The M23 is an outstanding thrower for its class. This is number one throwing stock XP-L 1x18650 light I have tested to date.
.
.
*Overall Impressions
*
• Build quality is very high
• Mode memory for High, Med., Low 
• Loosen-tighten mode-switching interface
• You can use 1x18650 or 2xCR123A or 2xRCR123A
• True flat-top batteries work fine
• Timed step-down feature on High, but gradual step-down
• Electrical reverse polarity protection function
• True moonlight mode is not available
• Perfect centering of the emitter and nice post processing of the emitter after dedoming
• No sign of PWM flickers at any output modes
• Beam shows greenish yellow tint from the dedomed emitter
• Anti-roll indentations on the body
• Number one throwing stock XP-L 1x18650 light I have tested to date
.
.
M23 Javelot supplied by Olight for review.


----------



## BLUE LED (Jul 27, 2015)

How far do you need to turn the tail-cap before it locks out?


----------



## candle lamp (Jul 27, 2015)

BLUE LED said:


> How far do you need to turn the tail-cap before it locks out?



Approximately, 1/10-turn is enough!


----------



## WarRaven (Jul 27, 2015)

Great review Candle Lamp, thank you.
Typo just above, Overall impressions, you have said the M3XS-UT instead of M23.
Great read, I want this light too now more so.

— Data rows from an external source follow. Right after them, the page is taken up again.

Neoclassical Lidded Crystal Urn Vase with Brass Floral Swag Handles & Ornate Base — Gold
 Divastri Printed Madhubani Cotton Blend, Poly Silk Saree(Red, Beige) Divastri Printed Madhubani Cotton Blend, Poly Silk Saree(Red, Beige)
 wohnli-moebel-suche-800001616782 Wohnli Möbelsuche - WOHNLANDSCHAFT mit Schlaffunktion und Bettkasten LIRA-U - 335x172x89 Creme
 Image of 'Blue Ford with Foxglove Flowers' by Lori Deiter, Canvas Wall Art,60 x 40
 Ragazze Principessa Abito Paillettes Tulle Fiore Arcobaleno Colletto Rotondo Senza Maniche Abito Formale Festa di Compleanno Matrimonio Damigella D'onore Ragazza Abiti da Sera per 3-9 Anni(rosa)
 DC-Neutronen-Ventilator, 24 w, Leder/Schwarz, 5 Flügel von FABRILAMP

Edit, hmm, unless you meant that which could be.


----------



## BLUE LED (Jul 27, 2015)

candle lamp said:


> Approximately, 1/10-turn is enough!



My M23 takes a lot more before it locks-out. I will test it later tonight.


----------



## candle lamp (Jul 27, 2015)

WarRaven said:


> Great review Candle Lamp, thank you.
> Typo just above, Overall impressions, you have said the M3XS-UT instead of M23.
> Great read, I want this light too now more so.
> 
> Edit, hmm, unless you meant that which could be.



Thanks a lot for your support and help. I just have corrected. 

The M3XS-UT is the best thrower. If you need a compact 1x18650 light, the M23 would be your good choice.



BLUE LED said:


> My M23 takes a lot more before it locks-out. I will test it later tonight.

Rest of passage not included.